> Exercise objective:
Exact copies of the lines from the one with "ראש עיריית נשר" through the last line of the entries, and no pictures, make up the answer.

> Input records:
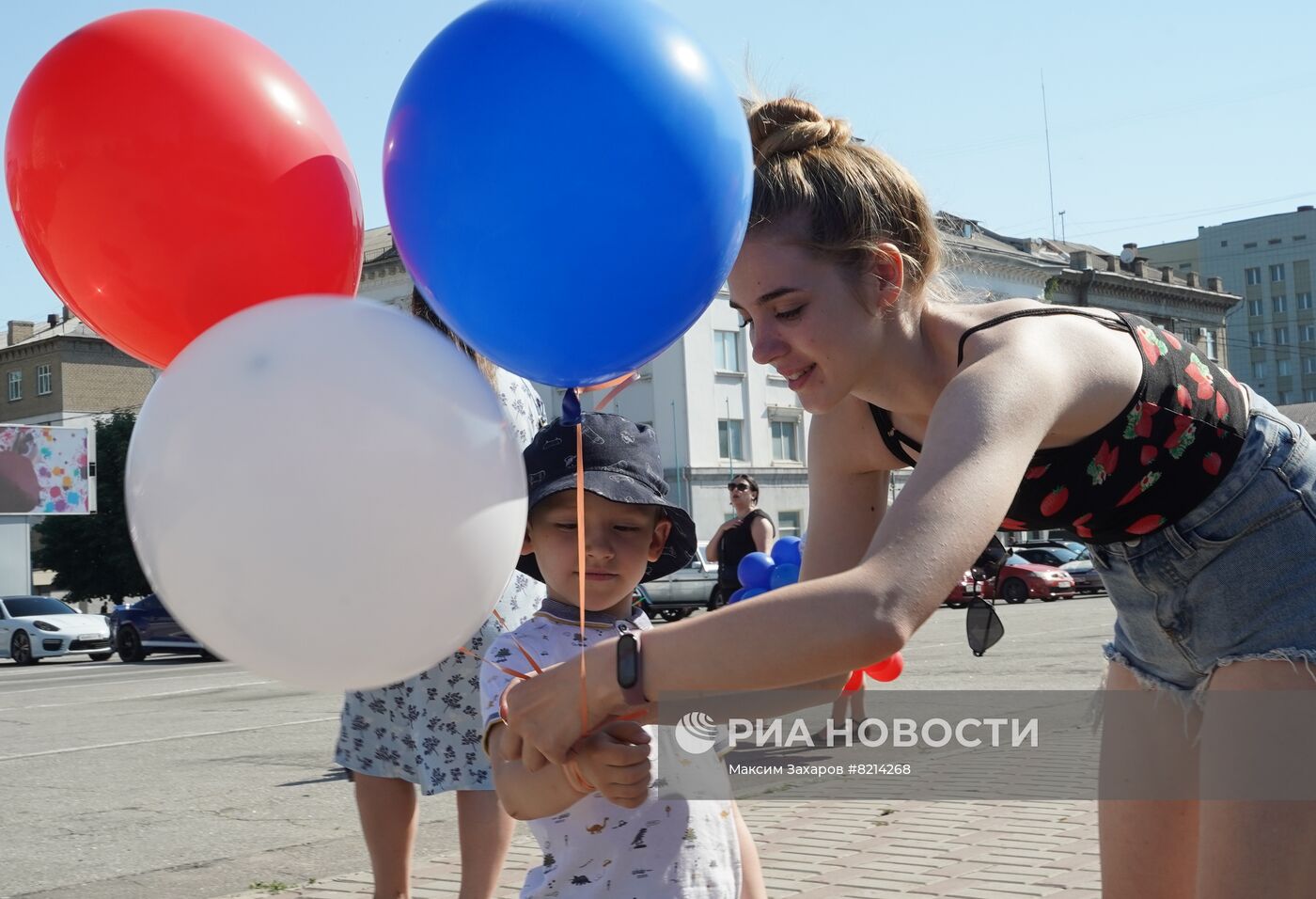 Празднование Дня России в ЛНР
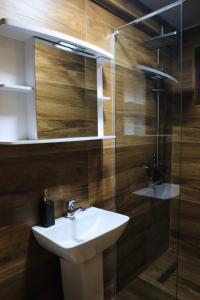 Fotografie z fotogalerie ubytování Villa n'Mal v destinaci Orllan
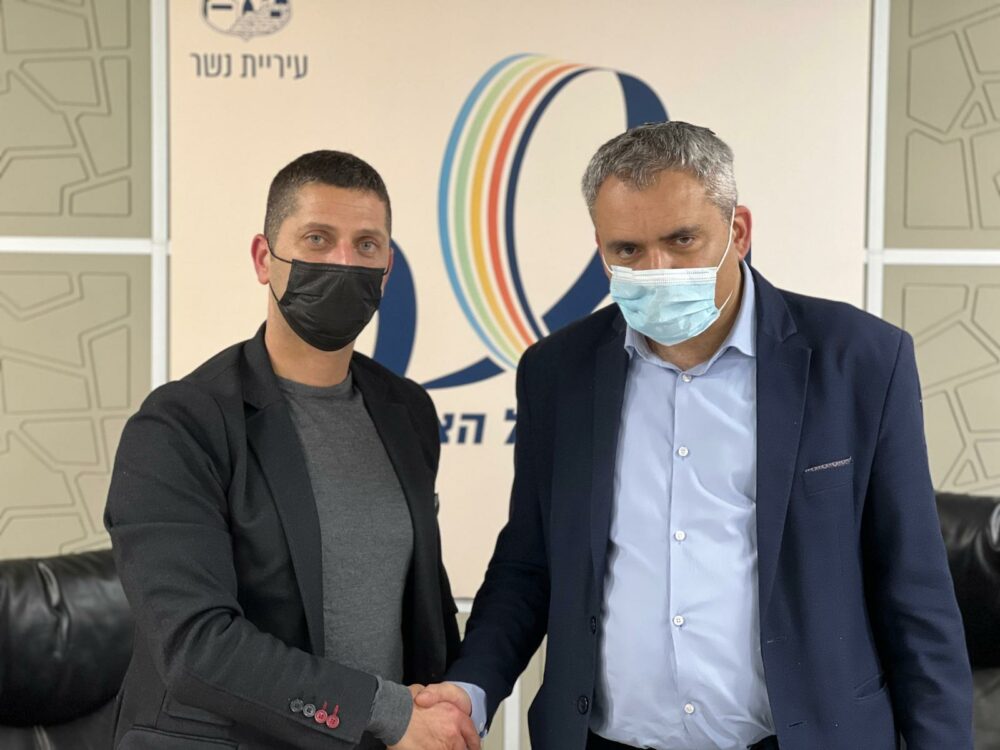 ראש עיריית נשר רועי לוי ושר השיכון זאב אלקין. צילום דוברות עיריית נשר
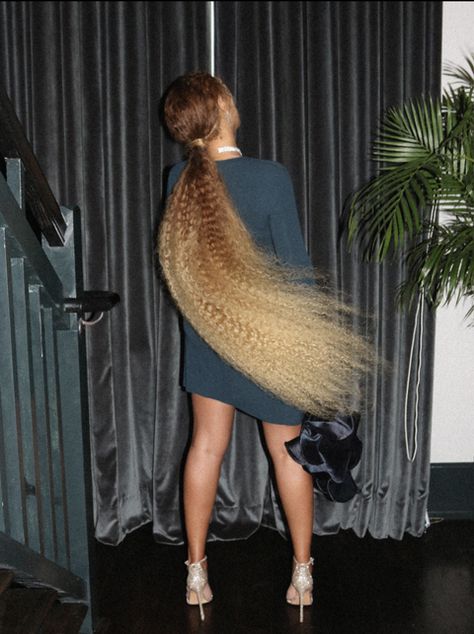 And her emerald Alexandre Vauthier dress looked flawless. Beyonce Ponytail, Crimping Hair, Serena Williams Wedding, Epic Hair, Beyonce Knowles Carter, Guest Hair, Crimped Hair, Beyoncé Giselle Knowles-carter, Beyoncé Giselle Knowles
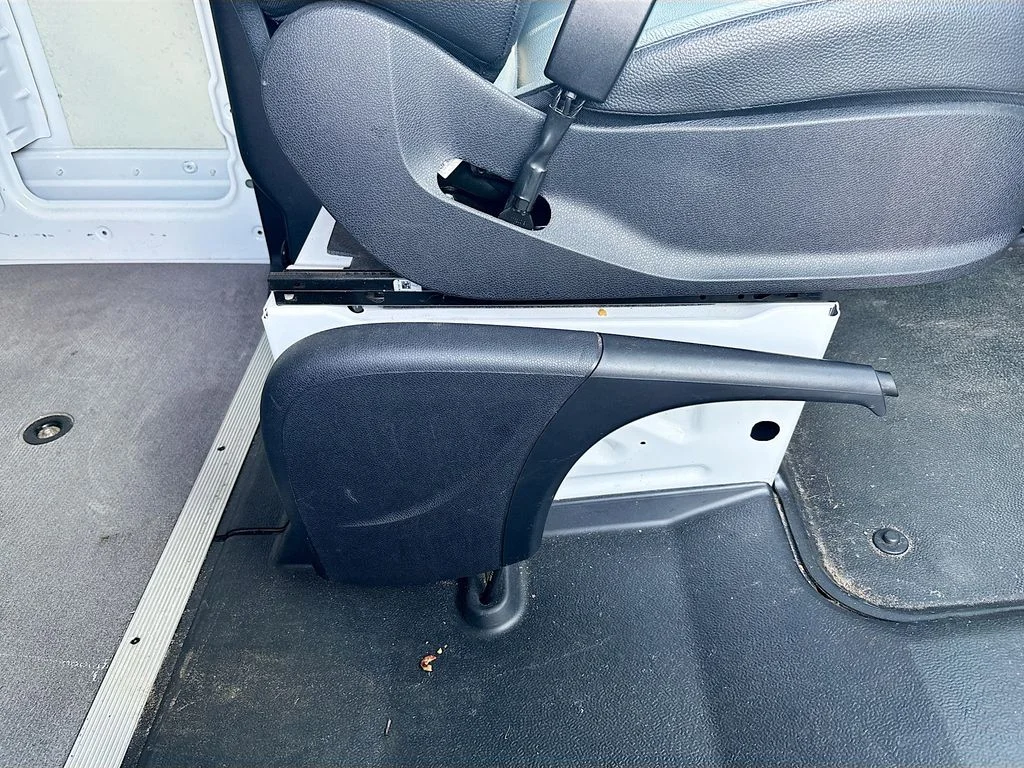Used 2024  Mercedes-Benz Cargo 144 WB image 22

> Your solution:
 ראש עיריית נשר רועי לוי ושר השיכון זאב אלקין. צילום דוברות עיריית נשר
 And her emerald Alexandre Vauthier dress looked flawless. Beyonce Ponytail, Crimping Hair, Serena Williams Wedding, Epic Hair, Beyonce Knowles Carter, Guest Hair, Crimped Hair, Beyoncé Giselle Knowles-carter, Beyoncé Giselle Knowles
Used 2024  Mercedes-Benz Cargo 144 WB image 22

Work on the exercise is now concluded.